The plurality of spiral-shaped channels may be defined by spiral-shaped walls comprising an upper end, located at the top of the enclosure, and a lower end, located at the bottom of the enclosure, wherein the fluid flowing through the channels flows from the upper end to the lower end, or from the lower end to the upper end. Each wall also comprises two surfaces, a front surface and a back surface, wherein the front surface is the surface which the solid particles mostly contact and through which they slide down. With respect to a vertical cross-section (as will be seen clearly from the drawings), there is an inner region of the wall extending close to and including the inner edge of the wall. The spiral-shaped walls may connect one enclosure to the next concentric enclosure. In one embodiment, a horizontal cross section of each wall defines a line which radially extends towards the centre of the concentric enclosures. In such configuration, the walls may have a flat surface running from the upper end to the lower end. In another, more preferred, configuration, the walls are arranged such that a horizontal cross section of each wall does not extend radially towards the centre, but has a specific inclination angle with respect to said direction. In this configuration, the wall surfaces running from the upper end to the lower end are not flat, but are either curved downwards from the inner region towards the outer region, forming an arched or concave-like shape, or curved upwards from the inner region towards the outer region, thereby forming an arched or convex-like shape.

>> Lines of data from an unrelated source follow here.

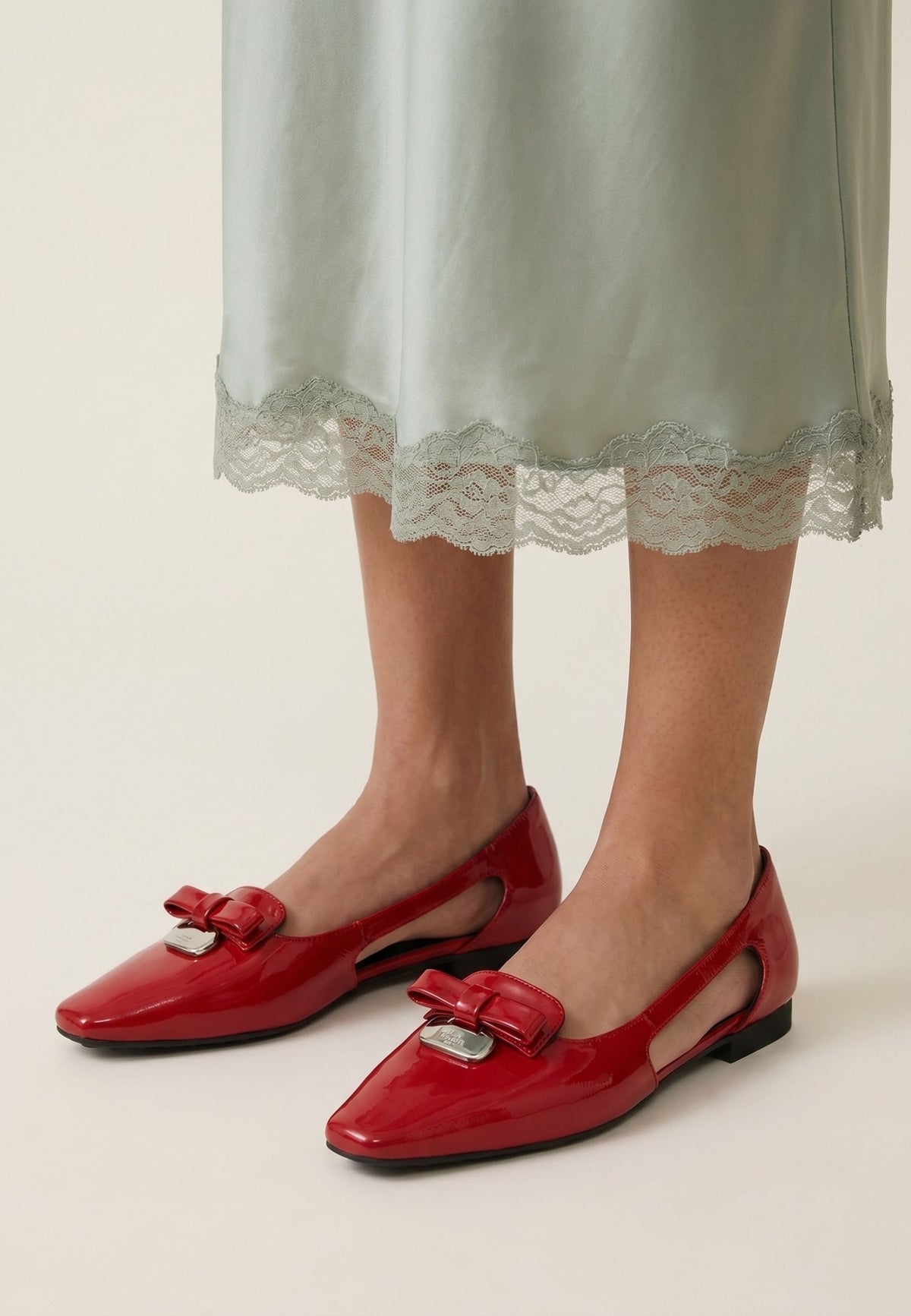 Ballerine cut-out Refined Elegance – Rosso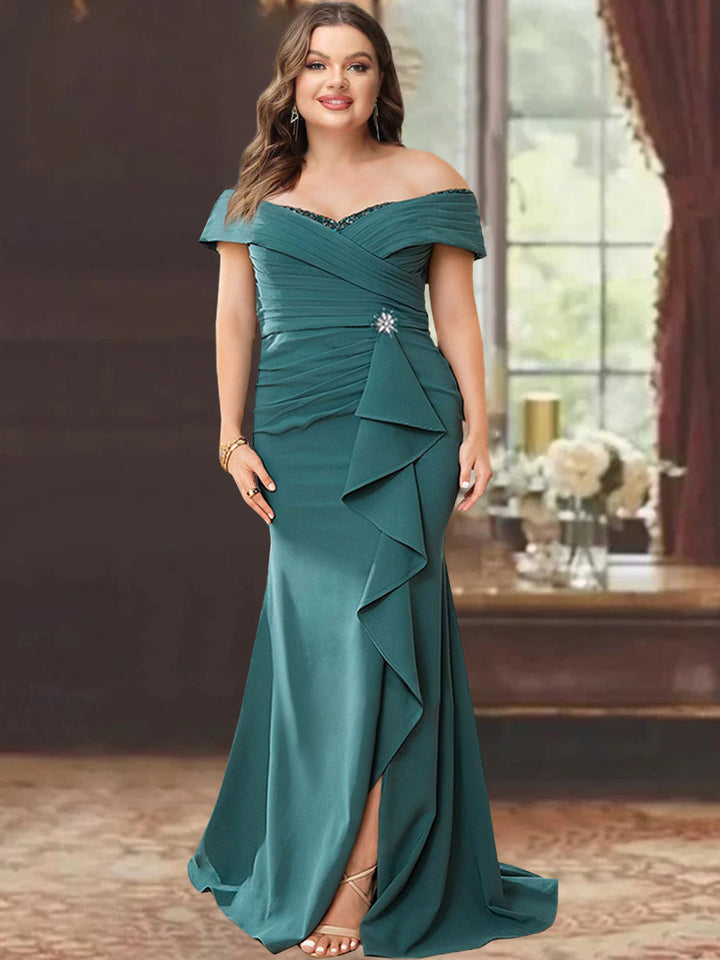 Sheath/Column Off-the-Shoulder Sleeveless Floor-Length Mother of the Bride Dresses With Ruffles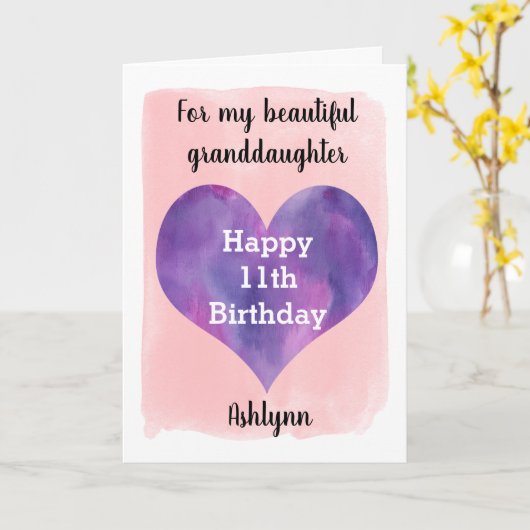 Roze en Paarse Hart 11e Verjaardag Kleindochter Kaart (Gele Bloem)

According to an embodiment, the plurality of spiral-shaped walls of the outermost cavity are curved downwards from the inner region towards the outer region, and the plurality of spiral-shaped walls of the at least one inner cavity are curved upwards from the inner region towards the outer region. This configuration provides the advantage of allowing solids which contact the walls to slide downwards closer to the outer region in the outermost cavity, and allowing solids to move downwards closer to the inner region in the at least one inner cavity.

According to an embodiment, a distance between each concentric enclosure and the next enclosure is between 25 millimetres and 800 millimetres, preferably between 50 millimetres and 800 millimetres, more preferably between 50 millimetres and 500 millimetres, more preferably between 50 millimetres and 200 millimetres. For smaller separation devices, a distance of between 25 millimetres and 200 millimetres, preferably between 25 millimetres and 100 millimetres is also preferred.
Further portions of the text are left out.